§ Problem description:
Everything below from the line with "To Let 1 Bedroom" through the line with "Black Scoop Neck" must be retyped exactly, except the pictures.

§ Information shown:

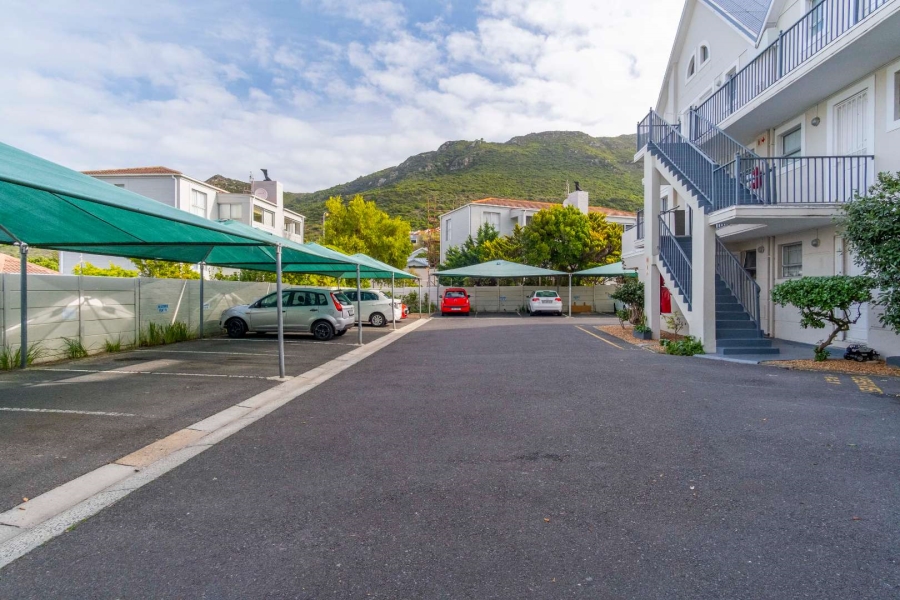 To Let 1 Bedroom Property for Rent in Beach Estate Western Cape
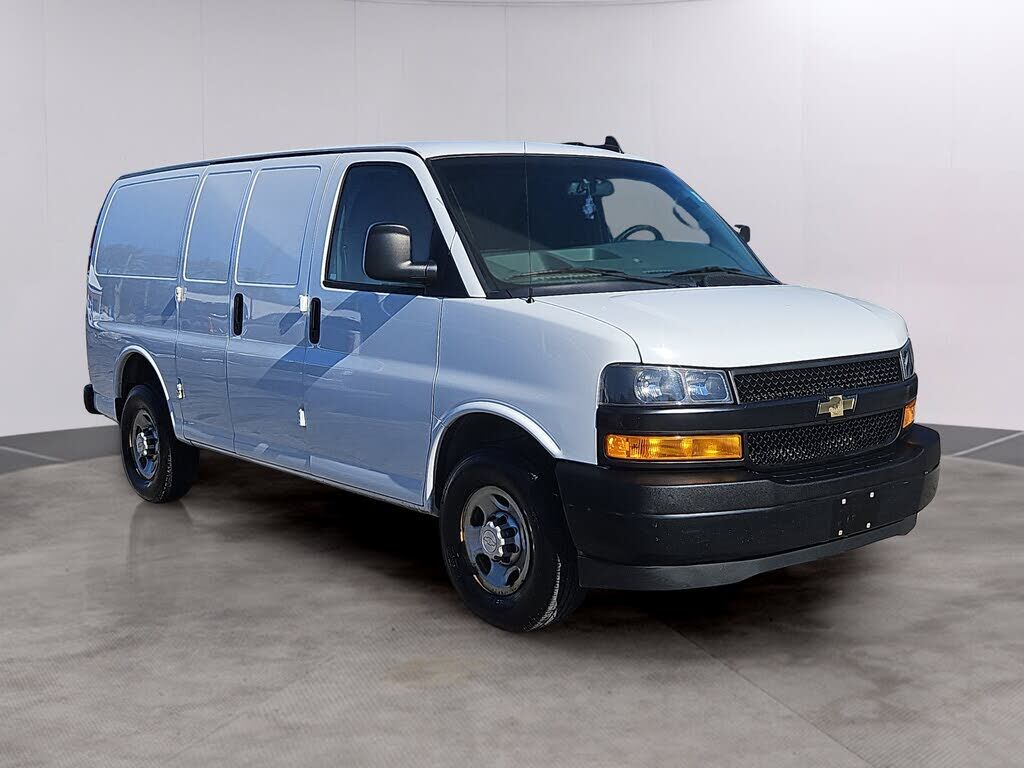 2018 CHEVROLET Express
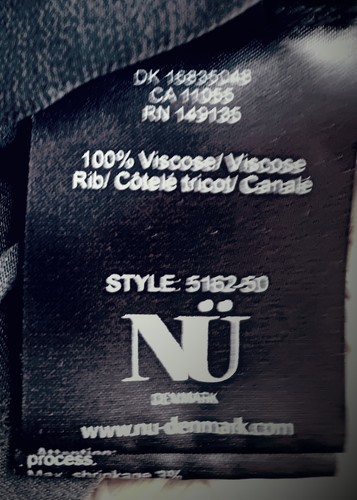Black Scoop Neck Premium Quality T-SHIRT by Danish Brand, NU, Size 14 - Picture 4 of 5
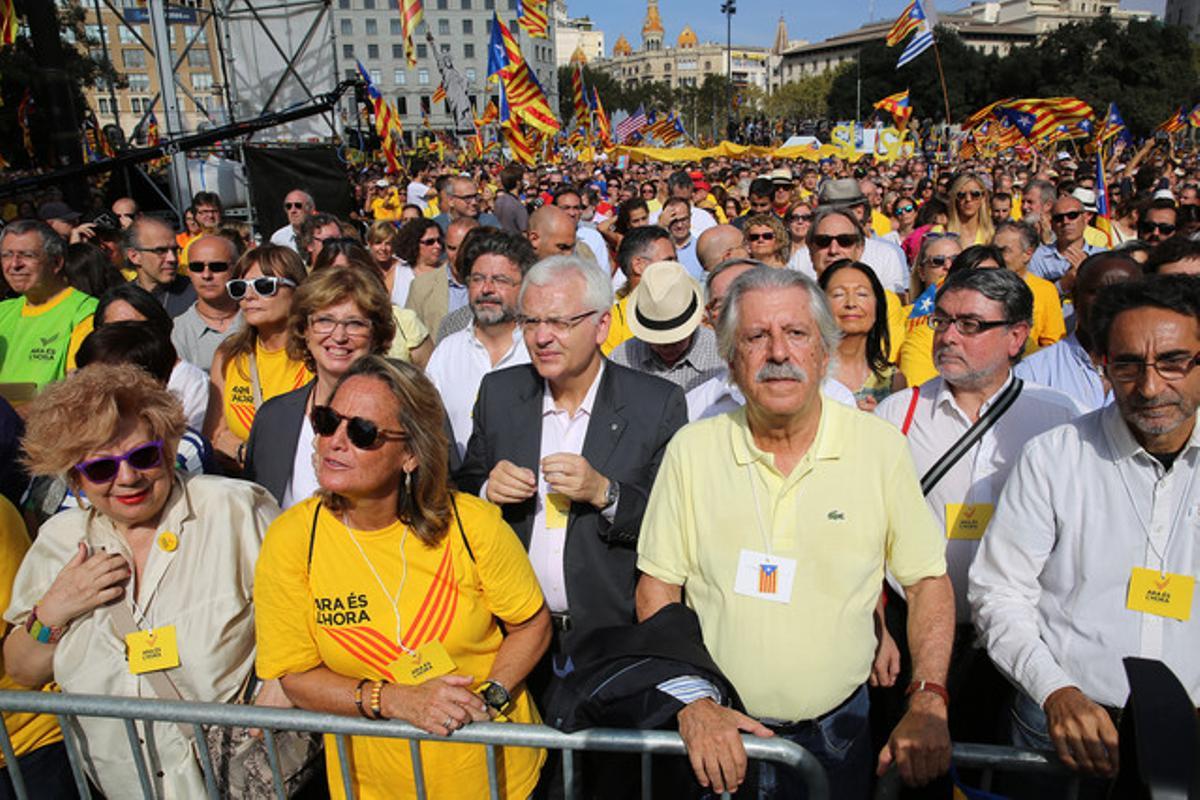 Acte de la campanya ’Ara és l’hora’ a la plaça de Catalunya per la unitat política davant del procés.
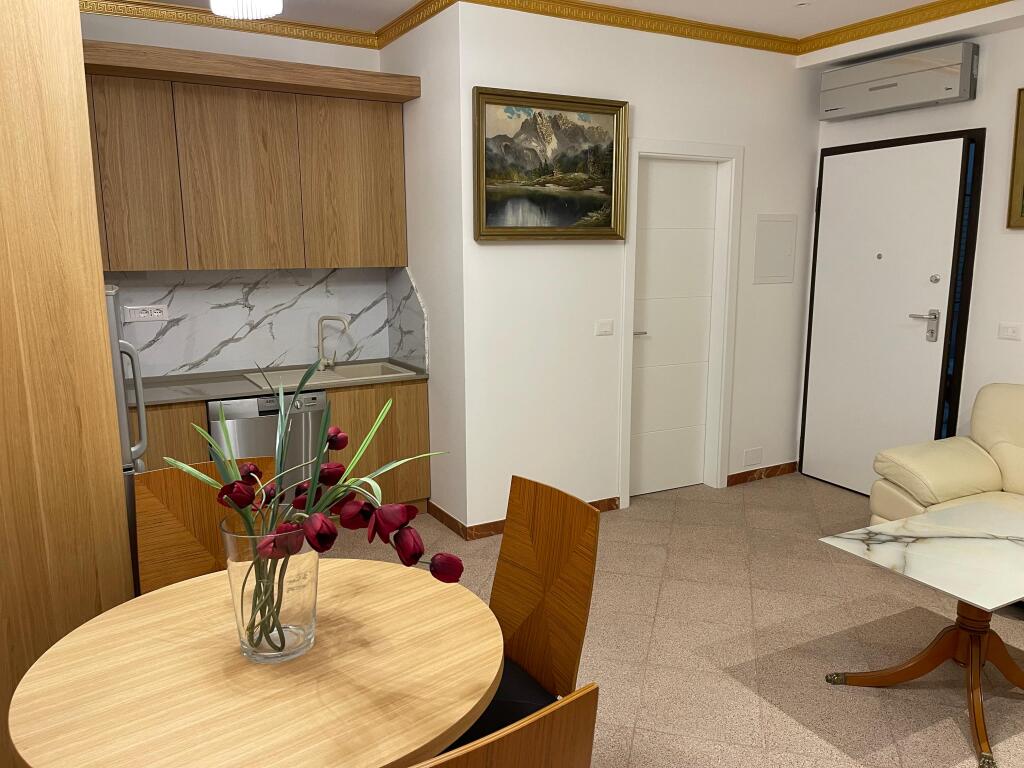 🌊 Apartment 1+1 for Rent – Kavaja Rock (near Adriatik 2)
...
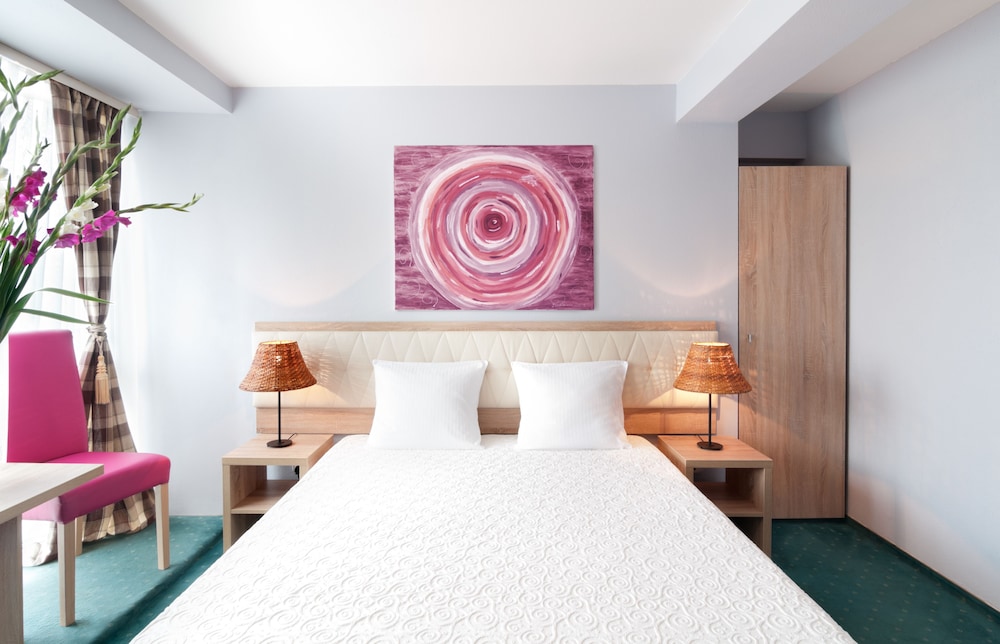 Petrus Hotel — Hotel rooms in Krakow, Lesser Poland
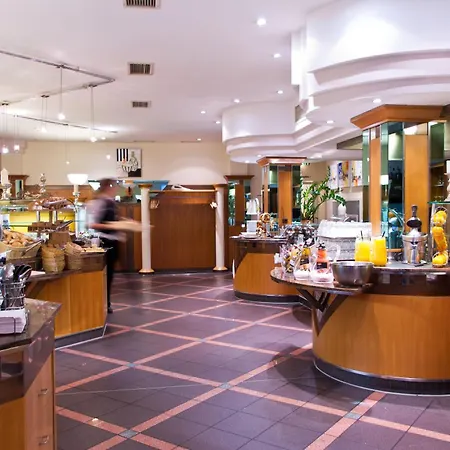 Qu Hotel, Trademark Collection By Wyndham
...
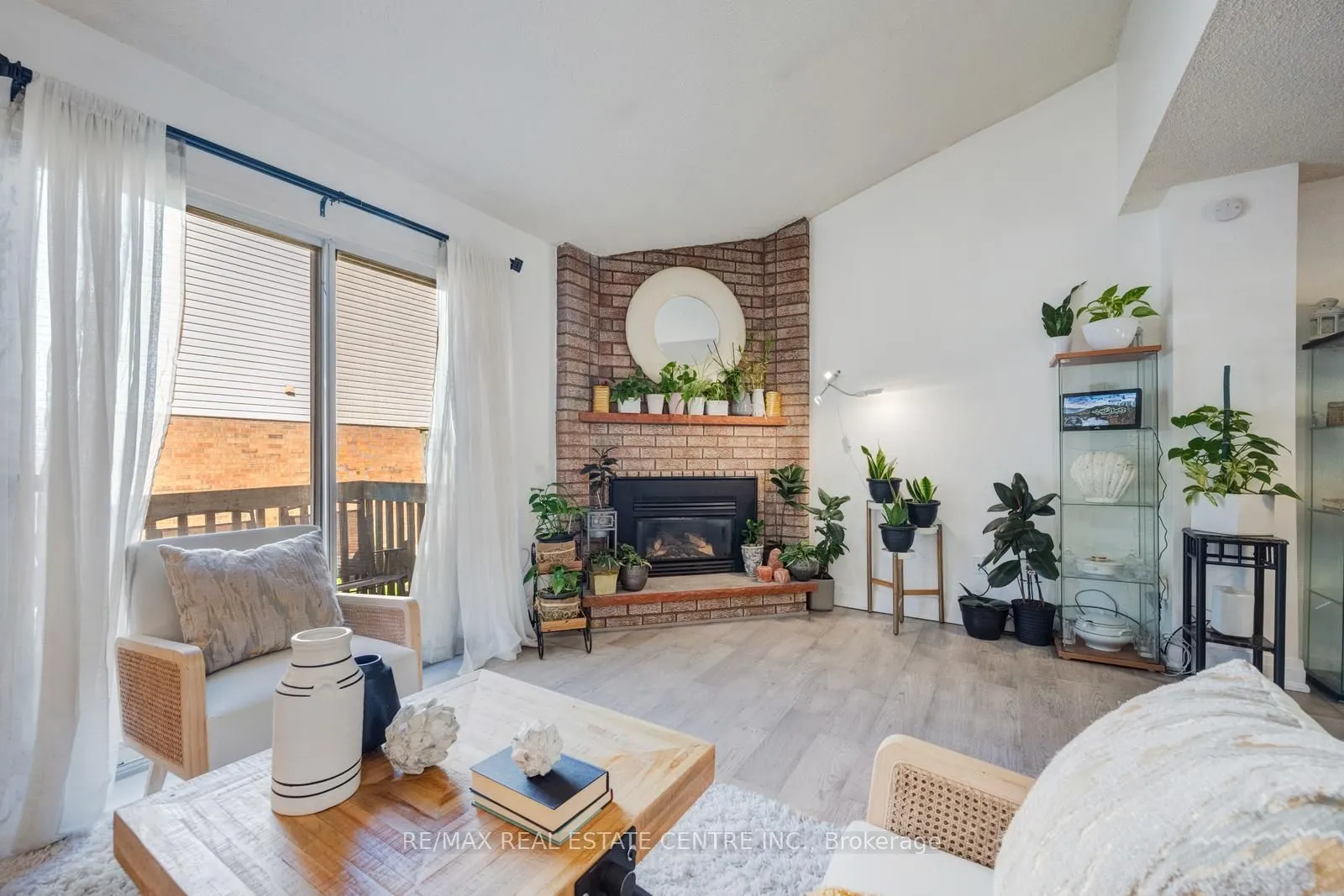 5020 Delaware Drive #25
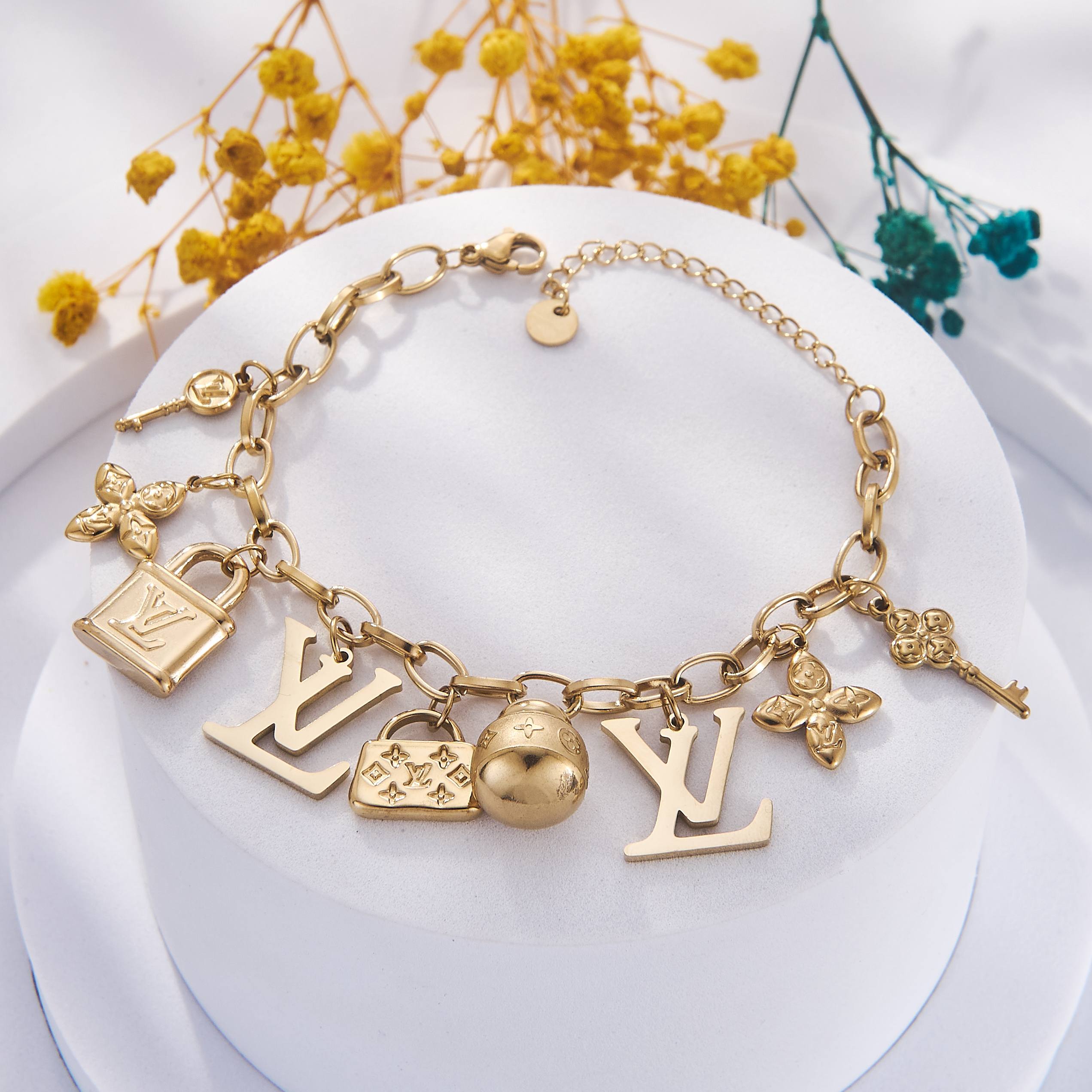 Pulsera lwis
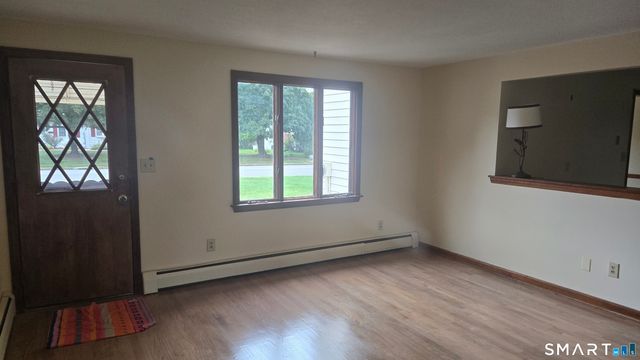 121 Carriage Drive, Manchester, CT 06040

§ Answer to the exercise:
 To Let 1 Bedroom Property for Rent in Beach Estate Western Cape
 2018 CHEVROLET Express
Black Scoop Neck Premium Quality T-SHIRT by Danish Brand, NU, Size 14 - Picture 4 of 5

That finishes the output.